I have no doubt that the next few years will see neural networks turn their attention to yet more tasks, integrate themselves more deeply into industry, and continue to impress researchers with new superpowers. This is all well justified, and I have no intention to belittle the current and future impact of deep learning; however, the optimism about the just what these models can achieve in terms of intelligence has been worryingly reminiscent of the 1960s.

Extrapolating from the last few years’ progress, it is enticing to believe that Deep Artificial General Intelligence is just around the corner and just a few more architectural tricks, bigger data sets and faster computing power are required to take us there. I feel that there are a couple of solid reasons to be much more skeptical.

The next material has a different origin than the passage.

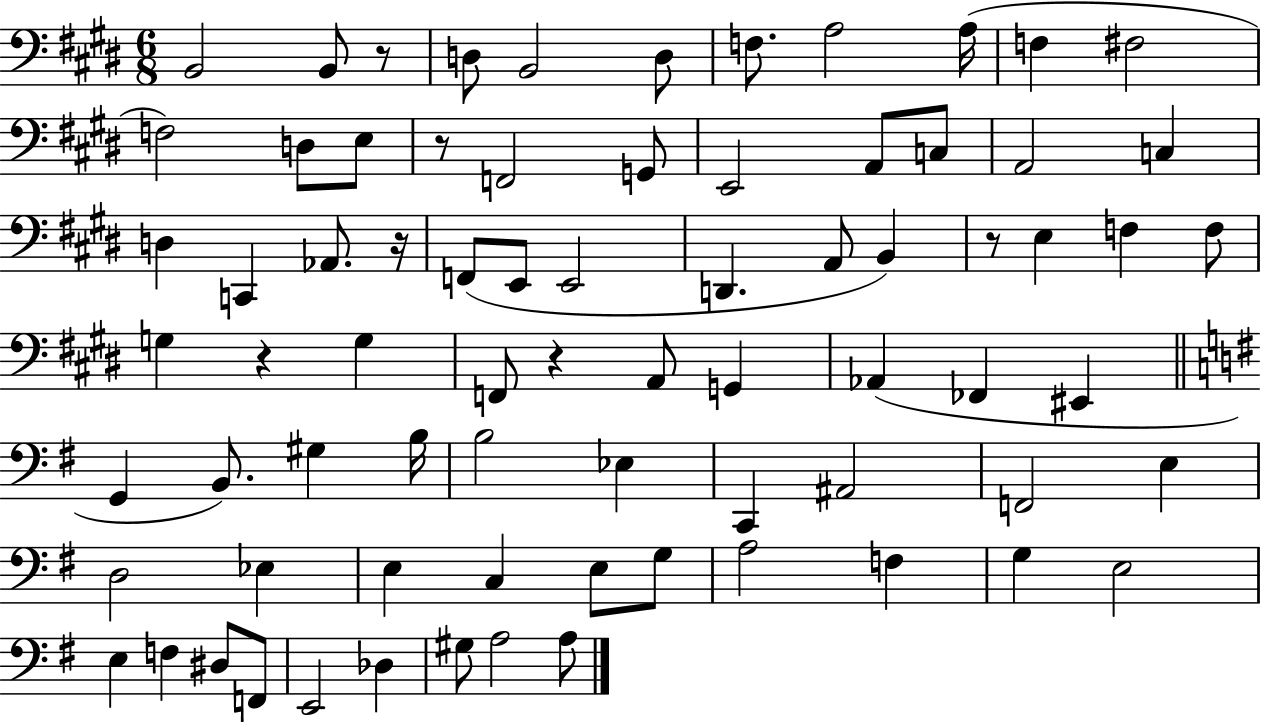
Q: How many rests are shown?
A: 6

To begin with, it is a bad idea to intuit how broadly intelligent a machine must be, or have the capacity to be, based solely on a single task. The checkers-playing machines of the 1950s amazed researchers and many considered these a huge leap towards human-level reasoning, yet we now appreciate that achieving human or superhuman performance in this game is far easier than achieving human-level general intelligence. In fact, even the best humans can easily be defeated by a search algorithm with simple heuristics. The development of such an algorithm probably does not advance the long term goals of machine intelligence, despite the exciting intelligent-seeming behaviour it gives rise to, and the same could be said of much other work in artificial intelligence such as the expert systems of the 1980s. Human or superhuman performance in one task is not necessarily a stepping-stone towards near-human performance across most tasks. ……

The many facets of human thought include planning towards novel goals, inferring others’ goals from their actions, learning structured theories to describe the rules of the world, inventing experiments to test those theories, and learning to recognise new object kinds from just one example. Very often they involve principled inference under uncertainty from few observations. For all the accomplishments of neural networks, it must be said that they have only ever proven their worth at tasks fundamentally different from those above. If they have succeeded in anything superficially similar, it has been because they saw many hundreds of times more examples than any human ever needed to.

Deep learning has brought us one branch higher up the tree towards machine intelligence and a wealth of different fruit is now hanging within our grasp. While the ability to learn good features in high dimensional spaces from weak priors with lots of data is both new and exciting, we should not fall into the trap of thinking that most of the problems an intelligent agent faces can be solved in this way. Gradient descent in neural networks may well play a big part in helping to build the components of thinking machines, but it is not, itself, the stuff of thought.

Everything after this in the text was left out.